** Dataset records follows **
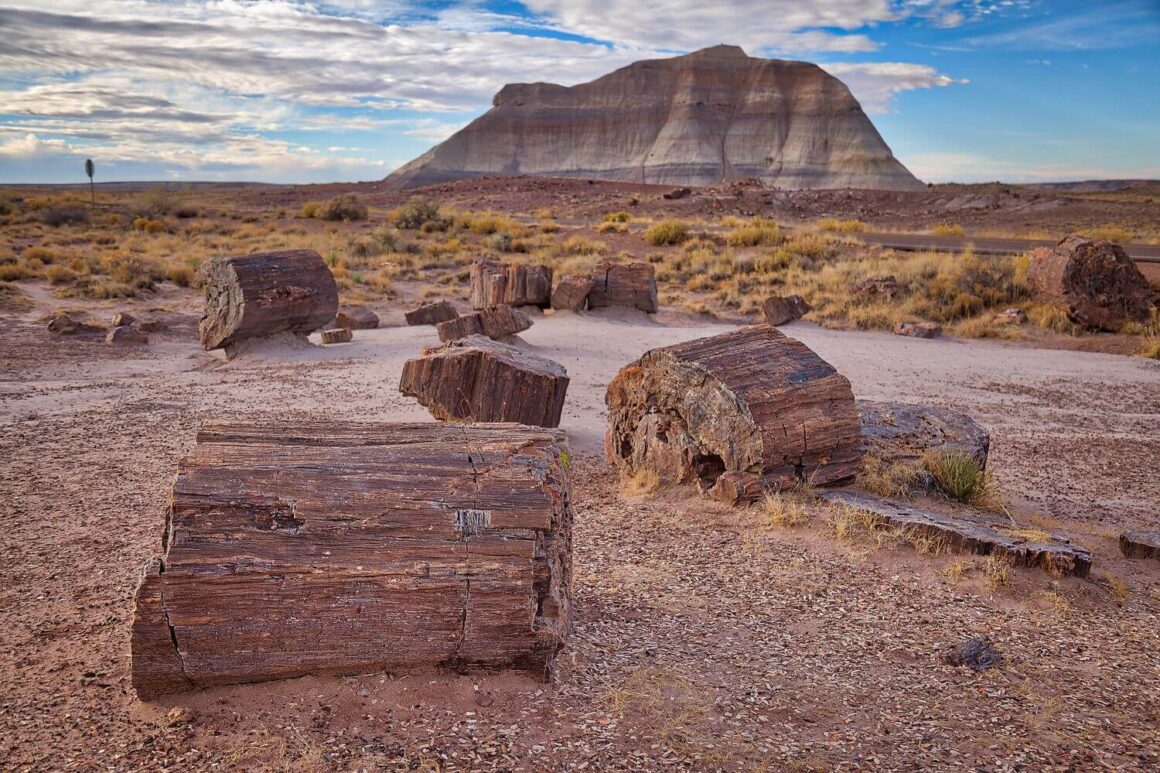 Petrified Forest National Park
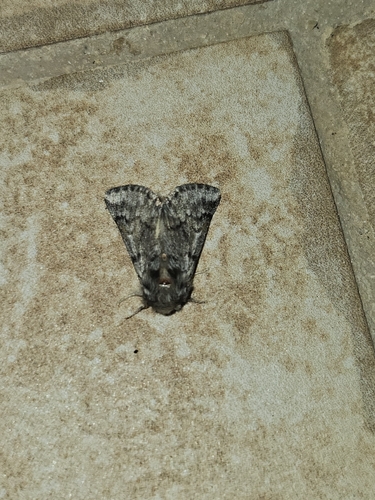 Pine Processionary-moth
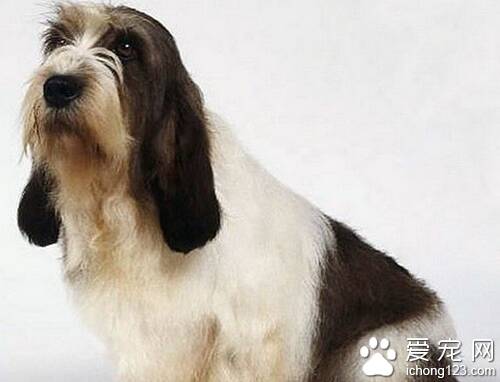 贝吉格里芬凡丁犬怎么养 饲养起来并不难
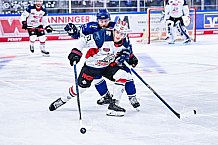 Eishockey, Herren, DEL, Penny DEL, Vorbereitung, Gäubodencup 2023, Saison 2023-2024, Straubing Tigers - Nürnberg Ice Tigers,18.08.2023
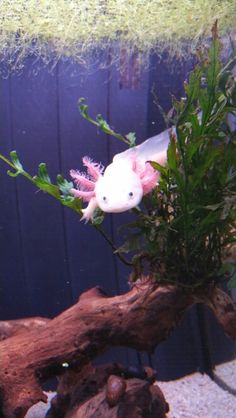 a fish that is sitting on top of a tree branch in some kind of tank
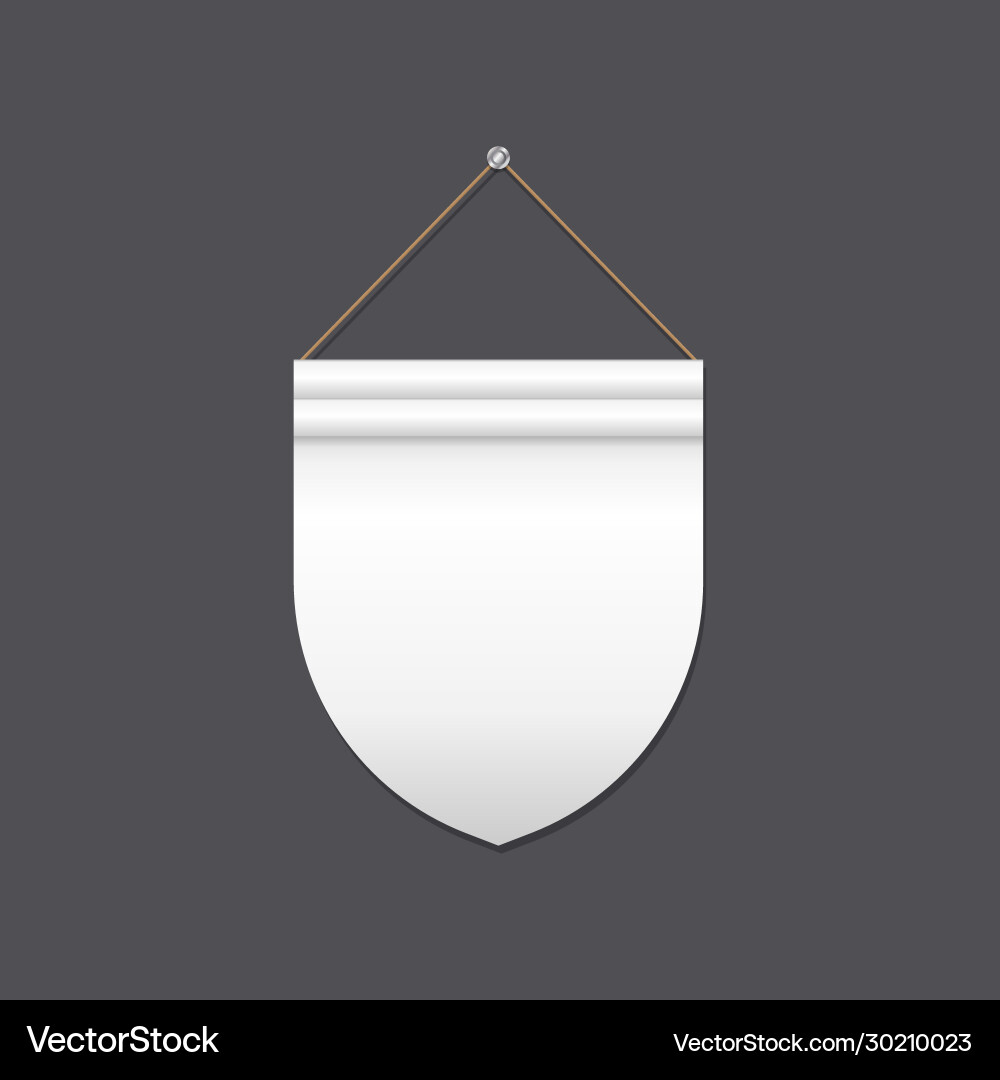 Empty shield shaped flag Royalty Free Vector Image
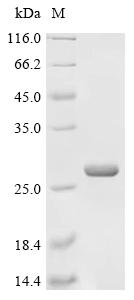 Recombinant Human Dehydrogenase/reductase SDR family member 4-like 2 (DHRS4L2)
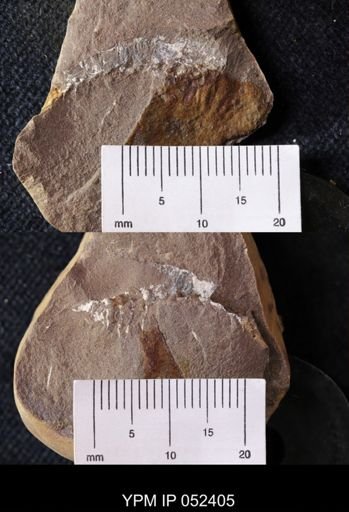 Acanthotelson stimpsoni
** End of Dataset records **
** Dataset records follows **
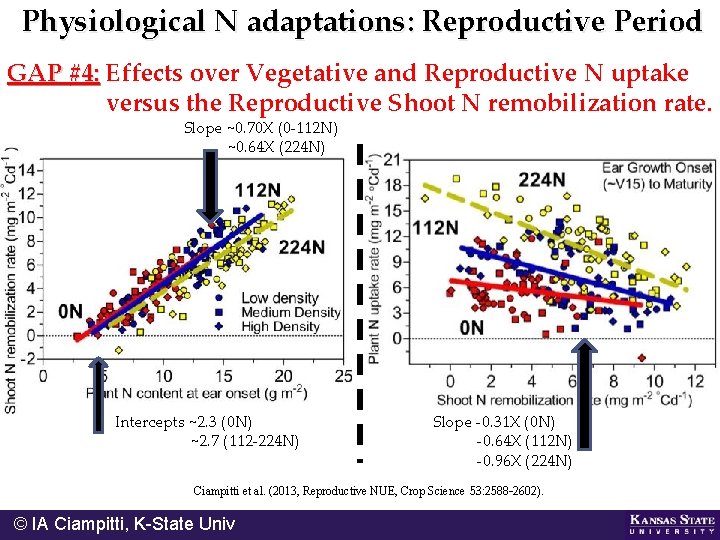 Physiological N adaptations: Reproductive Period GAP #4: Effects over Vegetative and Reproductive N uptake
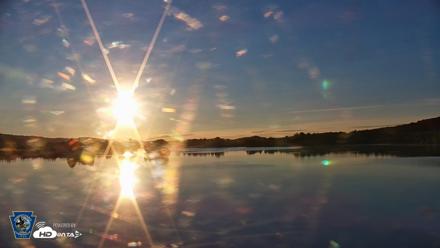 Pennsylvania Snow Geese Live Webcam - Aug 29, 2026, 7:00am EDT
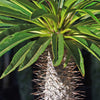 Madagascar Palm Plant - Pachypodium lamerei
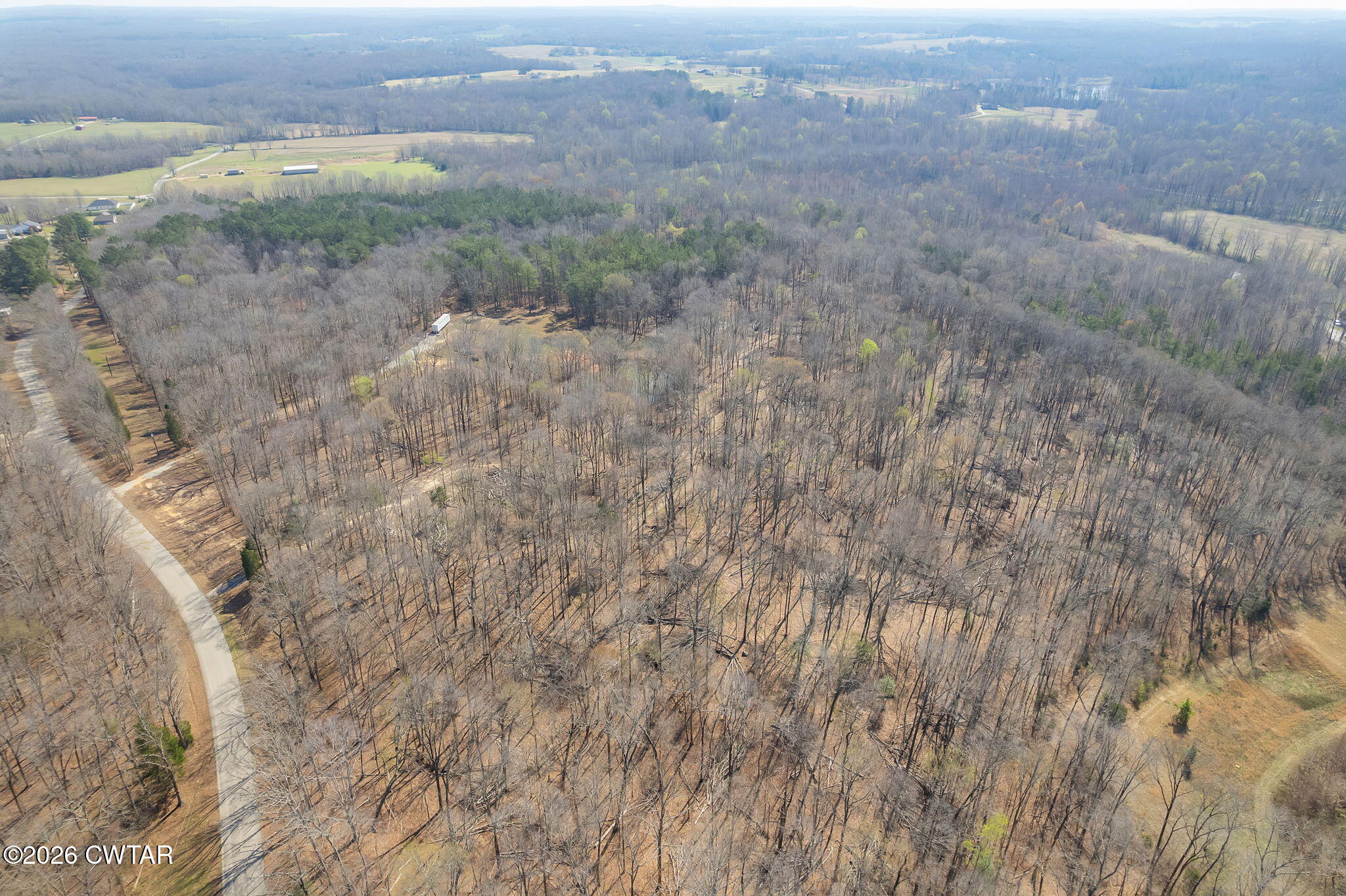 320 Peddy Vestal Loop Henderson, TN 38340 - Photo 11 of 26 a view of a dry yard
** End of Dataset records **
** Dataset records follows **
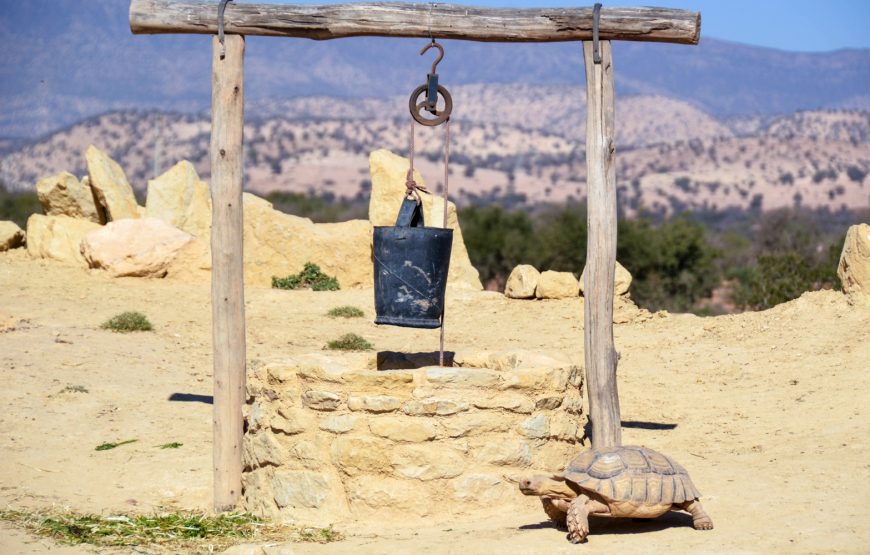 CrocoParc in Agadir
** End of Dataset records **
• _Goal of the exercise_
Copy exactly the lines of the listing above between the one holding "Madagascar Palm Plant - Pachypodium lamerei" and the one holding "320 Peddy Vestal", inclusive; omit all pictures.

• _Task answer_
 Madagascar Palm Plant - Pachypodium lamerei
 320 Peddy Vestal Loop Henderson, TN 38340 - Photo 11 of 26 a view of a dry yard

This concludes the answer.